鳥語花香録

Umiyuri Katsuyama's weblog

画皮 あやかしの恋

二〇〇九年七月のエントリに、拙著『十七歳の湯夫人』の購入特典のサンプルがある。『画皮』という、途中までしか観ていない、当時は本邦未公開の映画と短編「十七歳の湯夫人」について書いている。
以下は再掲。『聊斎志異』のどれかが原作は「画皮」が原作。チェン将軍はワン将軍の間違い。監督の陳嘉上はゴードン・チャンとも。

「十七歳の湯夫人」
 人助けが仇になり訪れる危機。身内に入り込んだ危機にどのように対処するかがテーマ――ではなく、美しい女の姿に惑わされるのも仕方がない、人間だものという話。
名詮自性という言葉がある。名前に本性が暗示されるという意味で、中国の古い怪談を読んでいると、名前からして水妖や妖狐の化身とわかる人物が登場する。本作に登場する班銀牙は、姓が班(斑と同音。まだらのこと)、名前は銀の牙で、虎が本性なことを姓名で示す伝統に則った。ちなみに湯夫人は桂芝という名前だが、桂はキンモクセイ、芝はキノコの意味がある。
 南條竹則氏が解説でシェリダン・レ・ファニュの『吸血鬼カーミラ』と同工異曲と書かれていたが、『カーミラ』よりもっと拙作に似ていると思われるのが陳嘉上監督の映画『画皮 Painted Skin』(2008)だ。
 チェン将軍が山賊のアジトを暴いたら美しい娘が捕らえられていたので保護し、妻に世話をさせるが、実はこの娘は……というプロローグ。美しい娘(拙作でいえば阿露)を周迅(ジョウ・シュン)、チェン将軍の妻(拙作でいえば湯夫人)を趙薇(ヴィッキー・チャオ)(最近では『レッドクリフ』に孫権の妹・尚香の役で出演した)が演じている。娘と妻が姉妹のように仲良くする場面もあるが、似ていると言ってもこのあたりまで。『画皮』は妖魔や魔術師? 男装で旅する美少女なども登場し、怪異あり、ロマンスあり、アクションありで、CGもふんだんに使われた娯楽大作となっている。
 時代設定がよくわからなかったが、女達の衣装が地味なので漢代あたりだろうか。『カーミラ』が原案のようだが、実は『聊齋志異』のどれかが原作。日本ではまだ劇場公開されておらず、上海から日本へ飛ぶ機上でたまたま観た。座席の前にある小さい画面で夢中になって観ていたが、クライマックスが来る前にプツプツと途切れるようになり、静止画像になり、「ただいまをもちまして機内サービスを終了いたします」とアナウンスされたときは心底がっかりした。(本邦公開の際は魅力的な邦題を希望する)

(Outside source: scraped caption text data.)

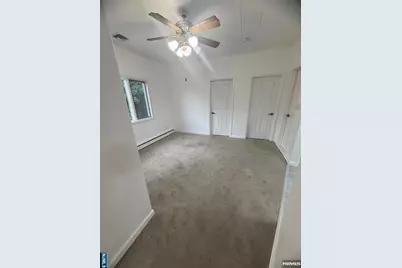 492 Madeline Avenue 2 #2, Garfield, NJ 07026 - Photo 8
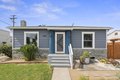 Additional image 8 of 4502 Vista St, San Diego, CA, 92116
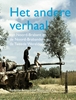Afbeelding van Het andere verhaal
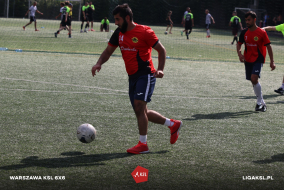 <a href="https://st.getinfootball.com/albums/1088222/665a0b06071cd_1920.jpg" target="_blank">Download original</a>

おしまいに「本邦公開の際は魅力的な邦題を希望する」などとえらそうに書いているが、その『画皮』が『画皮 あやかしの恋』という邦題で公開された。「あやかしの恋」は内容をよく表していると思う。
もちろん観に行った。大画面で、良い音響で観るのは楽しい。どんな話かわかってすっきりしたし、記憶にある場面がなかったり(錯覚?)、あやかしの小唯を演じる周迅(ジョウ・シュン)の脱ぎっぷりの良さを堪能した。
あやかしではないかと疑われた小唯は、「魔物には体にしるしがあるはず」と迫られて脱衣し、あやかしの本性を現すために脱皮してみせるという二段構え。着ている物を脱ぐのはエロティックだが、皮を脱ぐのは違う言葉で言い表さないといけない。エロスではないのは確か。